The mediation effect of the simultaneous diagnosis of MetS diseases between the Medical Aid beneficiaries and the stroke incidence. MetS metabolic syndrome, aHR adjusted hazard ratio, CI confidence interval, CCI Charlson comorbidity index, IHD Ischemic heart disease, CVD cerebrovascular disease. MetS diseases: hypertension, diabetes mellitus, dyslipidemia

Discussion

In this study, the lower-income groups had a higher risk of a simultaneous diagnosis of MetS diseases than the high-income group. The risk of simultaneous diagnosis of MetS diseases was significantly higher in all the other income groups than in the high-income group. Also, as the number of diagnosed diseases increased, the hazard risks also increased. In addition, the risk of stroke incidence was significantly higher in all the other income groups than in the high-income group. Simultaneous diagnosis of MetS diseases was a significant mediator between income level and stroke occurrence in the Medical Aid beneficiaries. The mediation proportion was 26.6% when the diagnosis of two or more MetS diseases was a mediator. In the case of diagnosis of three MetS diseases, the mediation proportion was 21.1%.
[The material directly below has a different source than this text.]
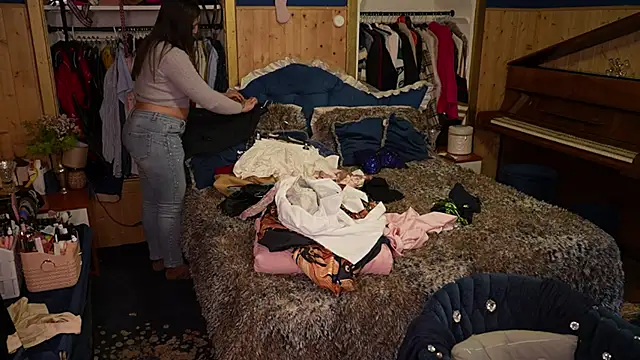 VanessaDoyle's Live Sex Cam Show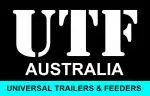 UTF TRAILERS & FEEDERS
In previous studies, non-communicable diseases, especially diseases included in diagnostic criteria for metabolic syndrome such as hypertension, diabetes mellitus, and dyslipidemia, were closely related to income levels [9,10,11,12]. There was also a close association between income level and stroke incidence [14, 26,27,28]. However, there were no studies on the mediating effect of a simultaneous diagnosis of MetS diseases between income level and stroke incidence. This study found that co-diagnosis of major diseases belonging to MetS diagnostic criteria plays a significant mediator role between income level and stroke incidence with high mediation proportions (26.6% for two or more and 21.1% for three MetS diseases) in the Medical Aid beneficiaries group.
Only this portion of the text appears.